# Windows 8



## willghurt12 (Sep 1, 2010)

Windows 8 will not accept my password even though I know it is right, I have tried the Password Registry Editor but it can not access the hard drive. I think it might be possible that my windows is corrupted. Do anyone know of another solution or what is going on?


----------



## joeten (Dec 4, 2008)

Hi have you tried any of these How to refresh, reset or restore your PC - Windows Help


----------



## Go The Power (Mar 5, 2007)

Hello willghurt12

Are you using a MS account when logging into the computer? or a Local account?

If your using a MS account you can try and reset your password here:
Forgotten password and other sign-in problems - Windows Help


----------



## willghurt12 (Sep 1, 2010)

I am not using an MS account.

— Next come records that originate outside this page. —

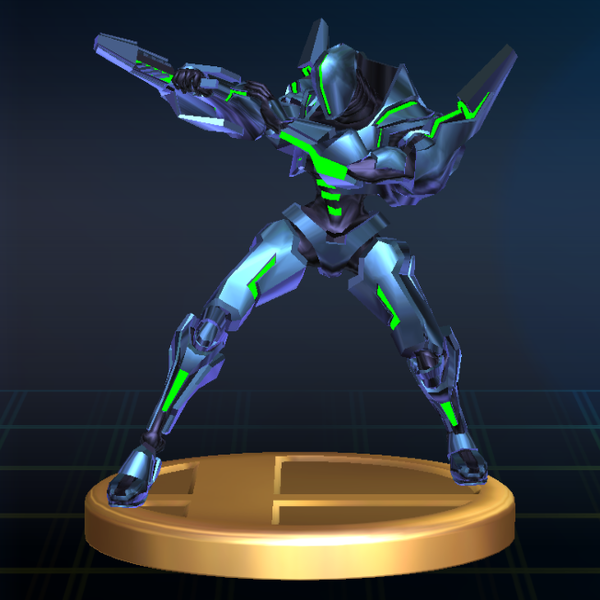 File:BrawlTrophy385.png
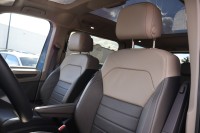 VW T7 Multivan 2.0 TSI Style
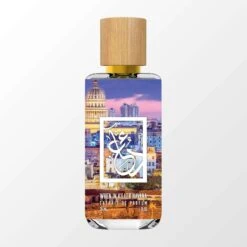 When In Killer Havana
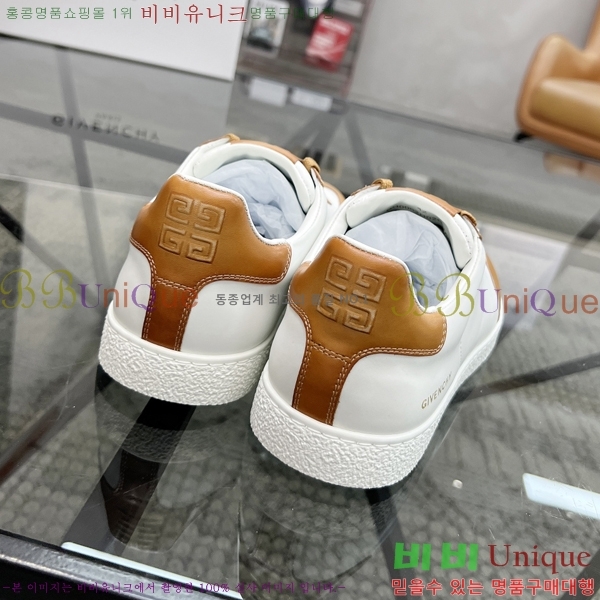 ���� ����� ����Ŀ�� GV82614-5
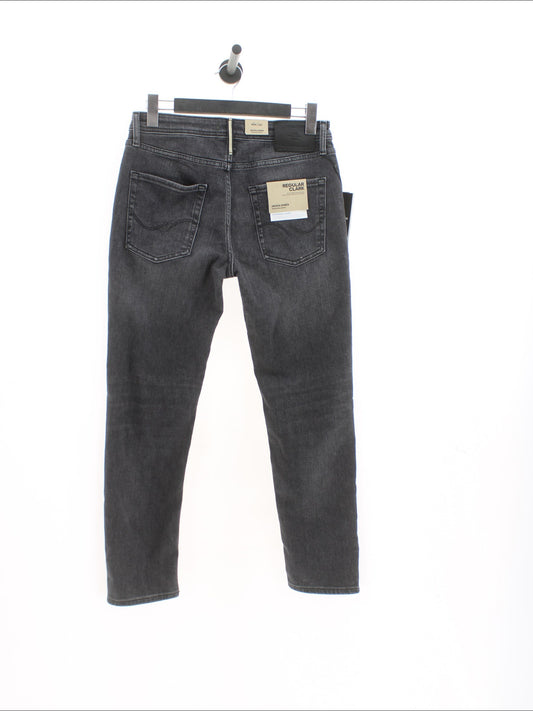 80342d0227239c0021cefd98336a5cd3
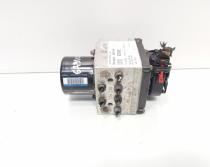 Unitate control A-B-S, cod 3C0614109P, VW Passat (3C2) (id:673102)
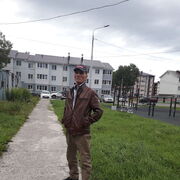  ,   , 71 ,   ,   , c ,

I am a Local account. I am lost and i am not for sure of what to do.


----------



## MPR (Aug 28, 2010)

We can't help you in cracking a local account password. Unless you have created a password reset disk, your only option is to reinstall Windows.

What to do if you forget your Windows password - Windows Help

Create a password reset disk - Windows Help


----------



## Go The Power (Mar 5, 2007)

MPR is correct, it goes against the forum rules to provide assistance with password cracking.

I suggest when you re install you either a. Use a MS account or b. Create a password reset Disk


----------